**REQUIREMENT**
In the entries below, begin at the line with "実際に弊社で買取させて頂いた【未使用】NIKE/ナイキ×ATMOS/アトモス AIR MAX" and stop after the line with "John Deere Licensed"; output those lines exactly and omit the pictures.

**DATA PROVIDED**
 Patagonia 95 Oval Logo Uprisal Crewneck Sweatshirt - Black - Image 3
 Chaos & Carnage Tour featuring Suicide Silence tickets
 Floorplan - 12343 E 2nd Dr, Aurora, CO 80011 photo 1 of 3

* * *

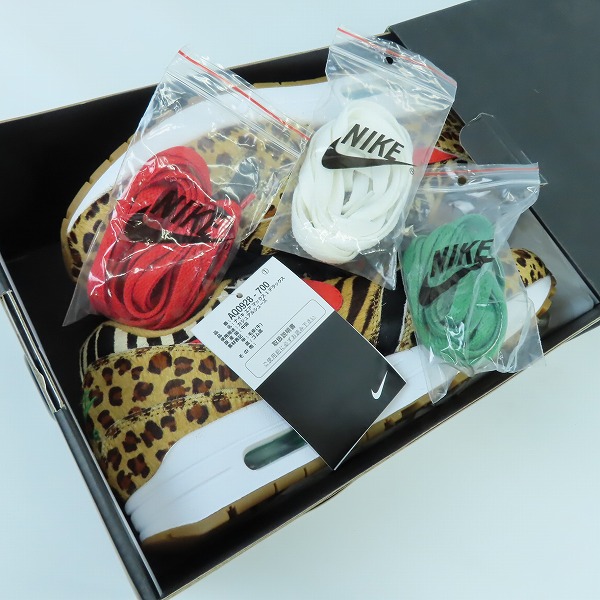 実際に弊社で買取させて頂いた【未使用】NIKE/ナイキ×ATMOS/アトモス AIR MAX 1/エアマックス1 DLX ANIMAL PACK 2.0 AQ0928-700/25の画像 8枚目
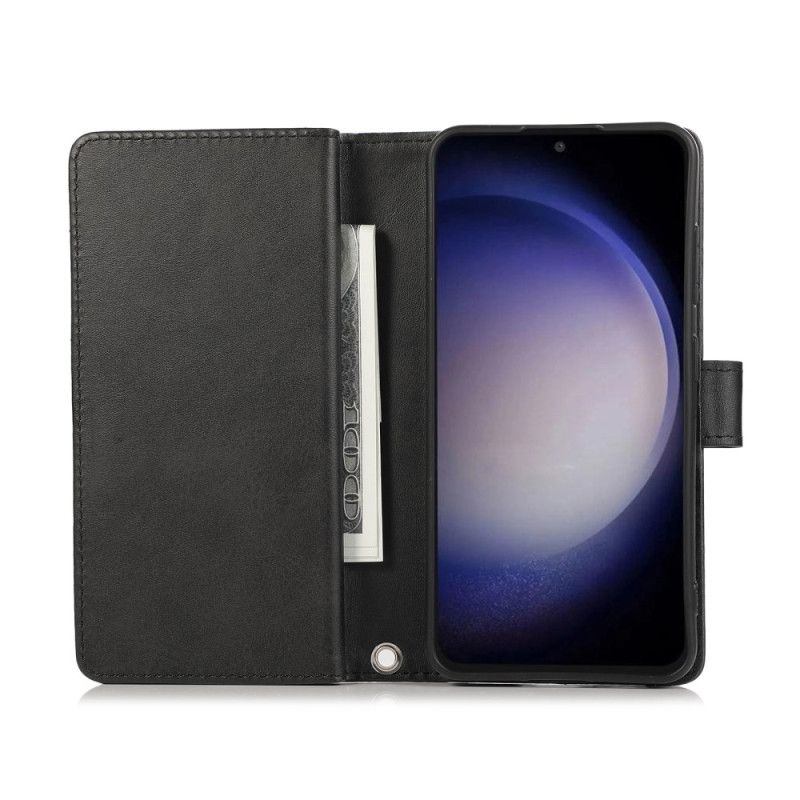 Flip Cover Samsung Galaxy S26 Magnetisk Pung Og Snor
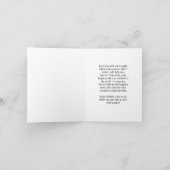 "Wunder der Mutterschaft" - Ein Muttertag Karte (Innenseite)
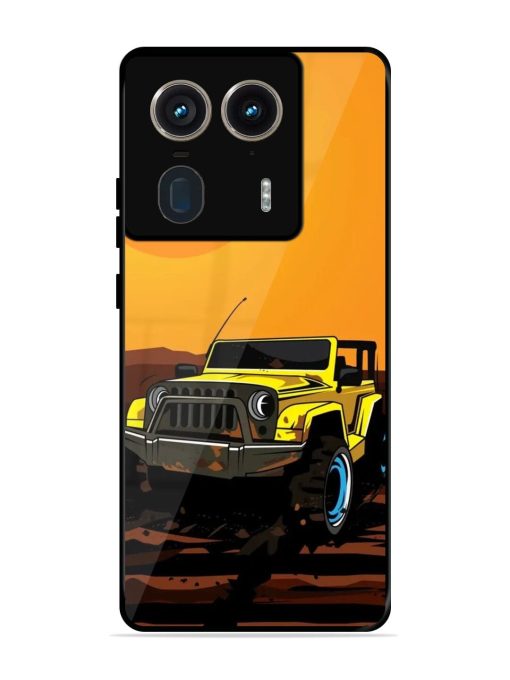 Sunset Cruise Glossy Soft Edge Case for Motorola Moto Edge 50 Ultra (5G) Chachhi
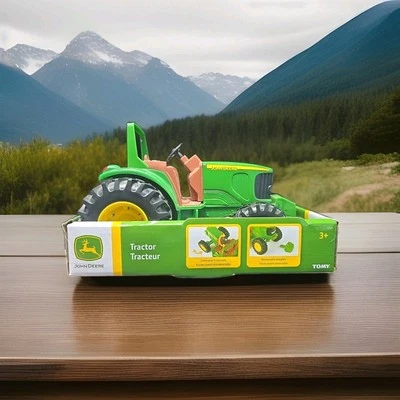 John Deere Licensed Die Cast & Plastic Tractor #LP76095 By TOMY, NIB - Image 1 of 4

**RESPONSE TO THIS TASK**
 実際に弊社で買取させて頂いた【未使用】NIKE/ナイキ×ATMOS/アトモス AIR MAX 1/エアマックス1 DLX ANIMAL PACK 2.0 AQ0928-700/25の画像 8枚目
 Flip Cover Samsung Galaxy S26 Magnetisk Pung Og Snor
 "Wunder der Mutterschaft" - Ein Muttertag Karte (Innenseite)
 Sunset Cruise Glossy Soft Edge Case for Motorola Moto Edge 50 Ultra (5G) Chachhi
 John Deere Licensed Die Cast & Plastic Tractor #LP76095 By TOMY, NIB - Image 1 of 4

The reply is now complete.